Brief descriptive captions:
--- START ---

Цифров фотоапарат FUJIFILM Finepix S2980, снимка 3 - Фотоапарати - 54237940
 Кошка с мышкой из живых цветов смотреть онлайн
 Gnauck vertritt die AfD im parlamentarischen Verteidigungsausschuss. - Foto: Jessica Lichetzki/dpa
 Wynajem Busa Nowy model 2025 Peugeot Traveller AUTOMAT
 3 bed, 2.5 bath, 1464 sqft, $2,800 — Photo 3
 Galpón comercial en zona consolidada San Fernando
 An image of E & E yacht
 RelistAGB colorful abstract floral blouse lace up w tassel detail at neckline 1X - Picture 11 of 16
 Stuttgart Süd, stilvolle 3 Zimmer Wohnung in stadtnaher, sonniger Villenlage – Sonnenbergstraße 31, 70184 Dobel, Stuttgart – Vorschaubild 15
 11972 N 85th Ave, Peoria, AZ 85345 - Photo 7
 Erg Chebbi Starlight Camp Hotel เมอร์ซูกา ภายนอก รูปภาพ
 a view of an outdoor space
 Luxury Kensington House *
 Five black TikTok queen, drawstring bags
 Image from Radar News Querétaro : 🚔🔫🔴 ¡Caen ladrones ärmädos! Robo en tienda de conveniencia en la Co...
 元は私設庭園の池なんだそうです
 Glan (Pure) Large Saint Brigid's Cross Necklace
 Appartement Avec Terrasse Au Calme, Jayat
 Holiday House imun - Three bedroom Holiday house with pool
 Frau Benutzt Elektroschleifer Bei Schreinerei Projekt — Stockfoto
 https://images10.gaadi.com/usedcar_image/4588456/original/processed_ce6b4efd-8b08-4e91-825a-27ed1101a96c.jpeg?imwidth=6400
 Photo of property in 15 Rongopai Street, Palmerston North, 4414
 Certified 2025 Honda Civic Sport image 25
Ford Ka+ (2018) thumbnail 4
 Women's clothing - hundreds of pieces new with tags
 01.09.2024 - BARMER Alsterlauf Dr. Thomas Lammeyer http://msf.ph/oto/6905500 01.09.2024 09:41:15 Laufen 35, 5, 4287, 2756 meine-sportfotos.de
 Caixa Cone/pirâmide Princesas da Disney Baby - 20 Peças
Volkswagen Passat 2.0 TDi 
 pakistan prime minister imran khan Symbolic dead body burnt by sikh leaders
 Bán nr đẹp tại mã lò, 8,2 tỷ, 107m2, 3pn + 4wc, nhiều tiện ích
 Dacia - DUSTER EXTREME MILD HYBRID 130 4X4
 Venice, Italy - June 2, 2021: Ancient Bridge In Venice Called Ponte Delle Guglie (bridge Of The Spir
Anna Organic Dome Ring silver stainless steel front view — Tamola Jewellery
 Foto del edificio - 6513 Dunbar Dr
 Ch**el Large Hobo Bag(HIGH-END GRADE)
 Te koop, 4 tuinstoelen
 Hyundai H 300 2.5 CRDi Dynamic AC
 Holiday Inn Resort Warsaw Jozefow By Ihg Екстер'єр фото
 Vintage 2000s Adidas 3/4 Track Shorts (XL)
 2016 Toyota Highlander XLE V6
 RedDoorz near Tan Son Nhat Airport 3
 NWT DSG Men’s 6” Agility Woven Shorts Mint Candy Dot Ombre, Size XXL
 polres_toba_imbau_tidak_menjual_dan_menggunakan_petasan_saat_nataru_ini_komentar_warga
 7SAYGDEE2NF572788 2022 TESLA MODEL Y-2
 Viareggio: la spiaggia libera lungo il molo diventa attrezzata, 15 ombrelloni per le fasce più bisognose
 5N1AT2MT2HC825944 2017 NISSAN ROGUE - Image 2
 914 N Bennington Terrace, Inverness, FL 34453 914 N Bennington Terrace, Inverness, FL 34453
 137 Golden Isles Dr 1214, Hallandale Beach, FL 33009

--- END ---

#### WHAT THIS TASK INVOLVES:
For every line above with the word "Holiday" in it, make a copy.

#### ANSWER FOR THIS EXERCISE:
 Holiday House imun - Three bedroom Holiday house with pool
 Holiday Inn Resort Warsaw Jozefow By Ihg Екстер'єр фото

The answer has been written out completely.